Here's a hypothetical question, as well as a legitimate inquiry. I'm not sure how many of you are into cryptocurrency, specifically bitcoin and ethereum, but I'm wondering if anyone would accept either as a form of payment for your guitars, etc.

Looking forward to hearing a variety of responses, and I know this isn't the best area to post, but consider it a FT ad.

- Danny


----------



## Fred Gifford (Sep 2, 2019)

the answer would be an absolute no.


----------



## Doug Gifford (Jun 8, 2019)

It's better to do nothing with your money than something you don't understand_. 
Suze Orman_


----------



## Sneaky (Feb 14, 2006)

If I get your bitcoins at the same value you paid for them, I’m in. Even if you bought them last week.


----------



## vadsy (Dec 2, 2010)

for certain guitars, yes. something I could afford to lose in a gamble.


----------



## Mikev7305 (Jan 6, 2020)

Hell yeah. Society is going cashless sooner than later. Govts can't keep printing money and expect it to be worth a damn for much longer.

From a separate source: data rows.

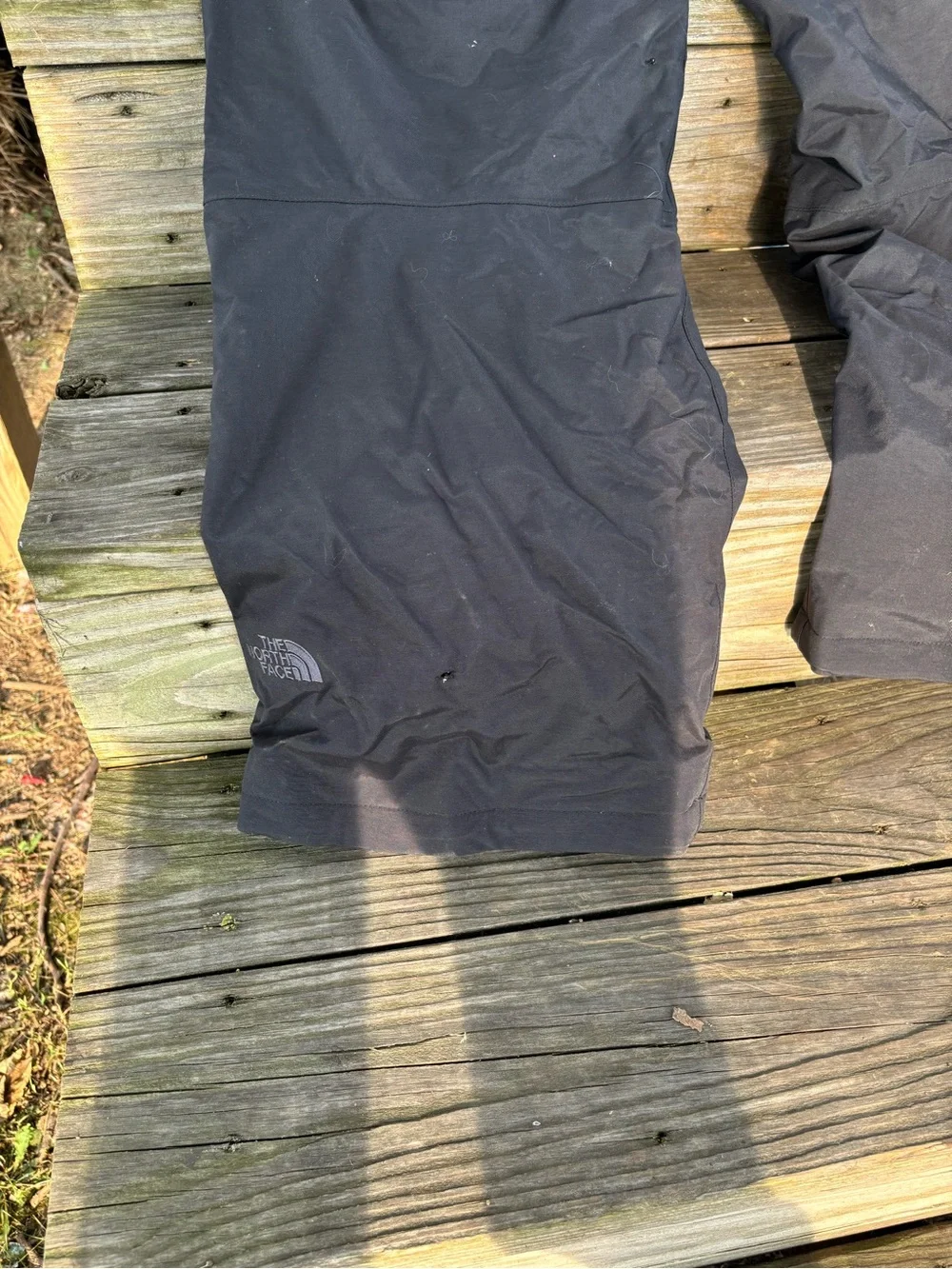 The North Face Men's Black HyVent Shell Pants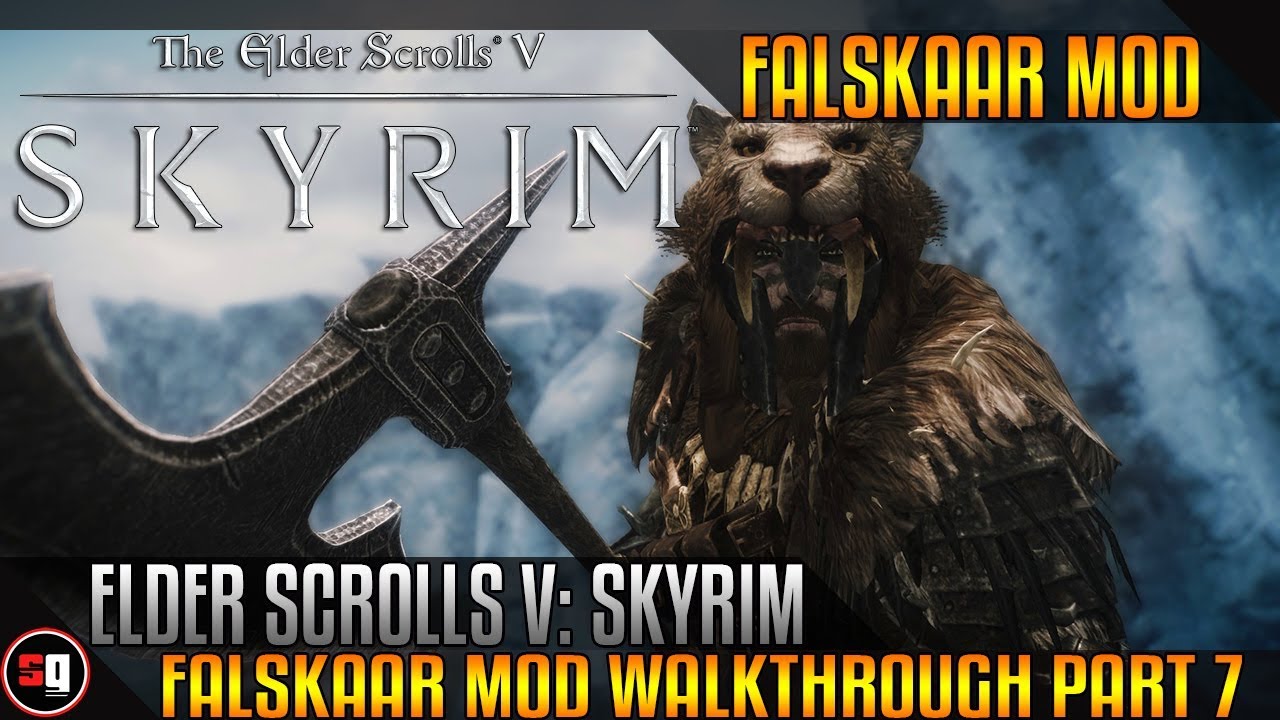 The Elder Scrolls V: Skyrim - Falskaar Mod Walkthrough Part 7 - Crystal Magic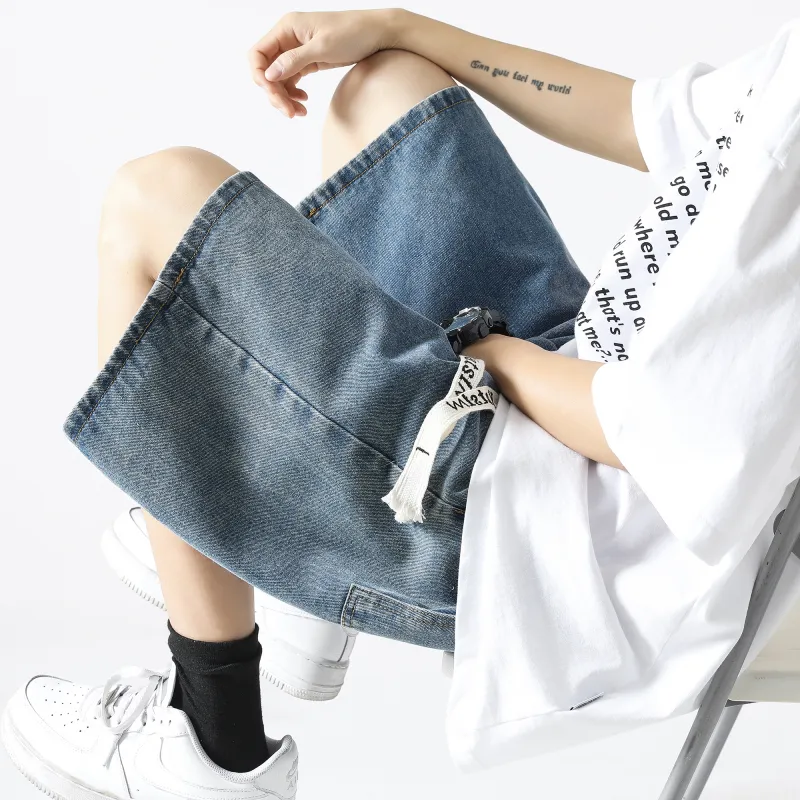 YATSI Denim Shorts Unisex-17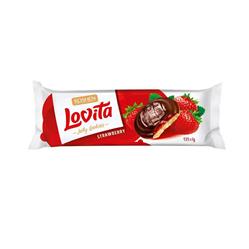 کوکی با ژله توت فرنگی و شکلات 135 گرمی لاویتا Roshen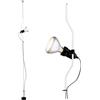 Flos Parentesi Lampada a Sospensione da Terra Bianco On-Off R125 led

Plus the guitars I would be selling aren't worth much anyways. Maybe the sale price would equal $0 in a few years, or maybe it could be worth $4000. Worth the gamble to me


----------



## crann (May 10, 2014)

@Sneaky what if I bought them at $34608 usd?


----------



## crann (May 10, 2014)

@Doug Gifford a few issues with Suze: 1. Most people don't understand how an etf/mutual funds works in general but I guarantee she would recommend investing in those 2. She says you need at least $5 million usd to retire.


----------



## Stephenlouis (Jun 24, 2019)

No, I like currencies ( including stocks bonds ect) I'm comfortable with or trades. Perhaps in a few more years, or if I was 25 years younger.


----------



## Sneaky (Feb 14, 2006)

crann said:


> @Sneaky what if I bought them at $34608 usd?


That wasn’t last week.


----------



## Wootang (Oct 6, 2020)

Sneaky said:


> If I get your bitcoins at the same value you paid for them, I’m in. Even if you bought them last week.

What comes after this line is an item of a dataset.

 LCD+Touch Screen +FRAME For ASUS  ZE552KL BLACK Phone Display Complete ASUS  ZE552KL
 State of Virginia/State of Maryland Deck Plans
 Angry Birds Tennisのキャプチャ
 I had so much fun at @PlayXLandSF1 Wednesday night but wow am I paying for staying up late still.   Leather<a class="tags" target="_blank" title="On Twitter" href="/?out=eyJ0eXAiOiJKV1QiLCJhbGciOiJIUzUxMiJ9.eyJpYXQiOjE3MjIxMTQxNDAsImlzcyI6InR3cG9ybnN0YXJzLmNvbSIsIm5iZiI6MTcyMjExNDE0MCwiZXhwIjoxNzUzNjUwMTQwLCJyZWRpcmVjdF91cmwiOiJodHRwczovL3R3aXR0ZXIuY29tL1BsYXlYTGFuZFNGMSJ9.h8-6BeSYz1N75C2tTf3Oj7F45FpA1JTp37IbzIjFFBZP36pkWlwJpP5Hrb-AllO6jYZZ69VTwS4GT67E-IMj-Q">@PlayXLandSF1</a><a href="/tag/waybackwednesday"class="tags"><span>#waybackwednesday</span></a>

Lol op should just pull some out and buy a guitar in fiat. Hedge some of your crypto exposure with a nice, stable custom shop asset 😃


----------



## gtone (Nov 1, 2009)

There are potential risks involved with crypto-currencies that don't feel right with my gut. I relied on those gut instincts for 27 yrs as a financial advisor and wealth manager and they served me well during that period and thru the intervening yrs since I retired at 55. Just can't be comfortable with them as such...


----------



## crann (May 10, 2014)

@Wootang ethics around tax evasion aside, once that money hits my bank account I owe someone something. CRA has also made it somewhat complicated, making transactions either income or capital gain based on loose definitions. Anyways, someone on CNBC said 2021 is going to be a big year for custom shop fender's (TSX:CSF) so I'm looking to get in.


----------



## 59burst (May 27, 2010)

If I’m selling gear, I’d accept Bitcoin or Ether.


----------



## Tarbender (Apr 7, 2006)

So here in the "Guitars For Sale, Trade or Wanted" , no one is actually buying, just being hypothetical?


----------



## crann (May 10, 2014)

@gtone fair enough. I'm no evangelist for this stuff and I wouldn't push it on anyone who isn't comfortable with it.


----------



## crann (May 10, 2014)

@Tarbender I would have bought your Vinetto if you accepted my payment method.


----------



## tele (Dec 18, 2011)

I'm trying to think of a legitimate scenario that would necessitate the use of crypto-currency in a guitar transaction... still trying.


----------



## Stevie007 (Aug 14, 2017)

I’ve got a G&L ASAT Classic in translucent orange. Great guitar. Want $1200


----------



## Stevie007 (Aug 14, 2017)

Here are pics. G&L ASAT Classic Telecaster


----------



## nonreverb (Sep 19, 2006)

No...


----------



## Diablo (Dec 20, 2007)

crann said:


> @Wootang ethics around tax evasion aside, once that money hits my bank account I owe someone something. CRA has also made it somewhat complicated, making transactions either income or capital gain based on loose definitions. Anyways, someone on CNBC said 2021 is going to be a big year for custom shop fender's (TSX:CSF) so I'm looking to get in.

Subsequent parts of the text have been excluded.